A Worryingly Dry Start
The 2026 southwest monsoon has had a sluggish and concerning start. As of late June, the country faced a significant rainfall deficit of over 40%, making it one of the driest Junes on record. The India Meteorological Department (IMD) noted that cumulative
rainfall from June 1st to 28th was just 85.2 mm, far below the long-period average of 149.8 mm. This deficiency is widespread, with central India experiencing a shortfall of 56% and other regions also reporting significantly less rain than normal. While the monsoon did arrive in Kerala around June 4th, it failed to advance with its usual vigour, stalling for nearly two weeks and leaving vast agricultural belts parched.

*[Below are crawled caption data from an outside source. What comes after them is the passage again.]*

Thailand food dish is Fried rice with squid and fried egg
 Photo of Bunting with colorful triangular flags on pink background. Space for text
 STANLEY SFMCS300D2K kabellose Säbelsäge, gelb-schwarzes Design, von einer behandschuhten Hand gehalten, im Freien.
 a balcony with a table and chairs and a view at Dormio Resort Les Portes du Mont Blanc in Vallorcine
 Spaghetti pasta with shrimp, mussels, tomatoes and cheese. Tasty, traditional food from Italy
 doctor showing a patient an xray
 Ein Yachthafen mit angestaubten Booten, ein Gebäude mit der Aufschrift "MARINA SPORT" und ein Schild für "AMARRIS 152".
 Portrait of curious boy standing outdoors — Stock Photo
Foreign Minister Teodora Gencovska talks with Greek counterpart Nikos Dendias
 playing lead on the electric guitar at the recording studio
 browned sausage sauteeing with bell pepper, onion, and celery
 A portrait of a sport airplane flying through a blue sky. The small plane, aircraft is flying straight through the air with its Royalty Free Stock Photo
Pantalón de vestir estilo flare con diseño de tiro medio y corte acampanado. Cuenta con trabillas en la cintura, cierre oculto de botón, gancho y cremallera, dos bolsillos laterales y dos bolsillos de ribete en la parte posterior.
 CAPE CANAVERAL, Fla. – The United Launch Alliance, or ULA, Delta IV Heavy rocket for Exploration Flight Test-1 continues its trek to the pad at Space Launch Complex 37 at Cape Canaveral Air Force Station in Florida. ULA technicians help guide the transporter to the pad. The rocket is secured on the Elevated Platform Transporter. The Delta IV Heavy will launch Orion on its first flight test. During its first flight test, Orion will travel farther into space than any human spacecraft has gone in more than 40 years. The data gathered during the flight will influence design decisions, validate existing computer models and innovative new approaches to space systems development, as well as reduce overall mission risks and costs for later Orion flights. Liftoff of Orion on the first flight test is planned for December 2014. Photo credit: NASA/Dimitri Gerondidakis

The Direct Hit on Kharif Sowing
This lack of rain comes at the most critical time for India’s farmers: the sowing season for kharif crops. These are the summer crops, including rice, pulses (like arhar and moong), soybeans, cotton, and coarse cereals, which are heavily dependent on monsoon rains. The weak start to the monsoon has directly impacted sowing activities. While early data from mid-June showed that rice and bajra planting had started on a positive note, the sowing of crucial crops like pulses, cotton, and soybean was lagging behind the previous year's pace. A significant delay or deficit in rainfall can shrink the total area under cultivation and reduce crop yields, threatening the output of essential food items. The government has already identified over 300 districts as potentially vulnerable to the weak monsoon, with 111 of them marked as high priority due to their limited irrigation coverage.
From Fields to Your Kitchen
The connection between farm output and your grocery bill is direct. A lower-than-expected harvest means reduced supply in the market, which inevitably pushes prices up. Perishable items like vegetables are often the first to react. Recent data from mid-June already shows volatility, with tomato prices accelerating sharply due to the intense summer heat and supply issues. While potato prices have been stable due to good storage from a previous bumper crop, the prices of leafy vegetables have seen dramatic spikes. If the monsoon doesn't pick up, staples like pulses and edible oils could be next. India often imports pulses and edible oils to meet domestic demand, and lower domestic production would increase this reliance, making the country susceptible to global price trends. An expected 10% deficit in monsoon rains could add as much as a full percentage point to headline inflation, driven primarily by food prices.
Beyond the Harvest: A Wider Economic Impact
The monsoon's influence extends far beyond the kharif season. The rains are crucial for replenishing reservoirs, which provide drinking water and are essential for irrigating the next cycle of winter crops (rabi crops), such as wheat. Low reservoir levels can also strain hydropower production. Furthermore, since the agricultural sector provides livelihoods for nearly half of India's population, a poor monsoon can depress rural incomes. This leads to a drop in rural demand for everything from fast-moving consumer goods to two-wheelers, creating a drag on the broader economy. While India has built some resilience against weak monsoons through buffer stocks of grains like rice and wheat, these stockpiles do not cover perishables, pulses, or oilseeds, leaving the food economy vulnerable.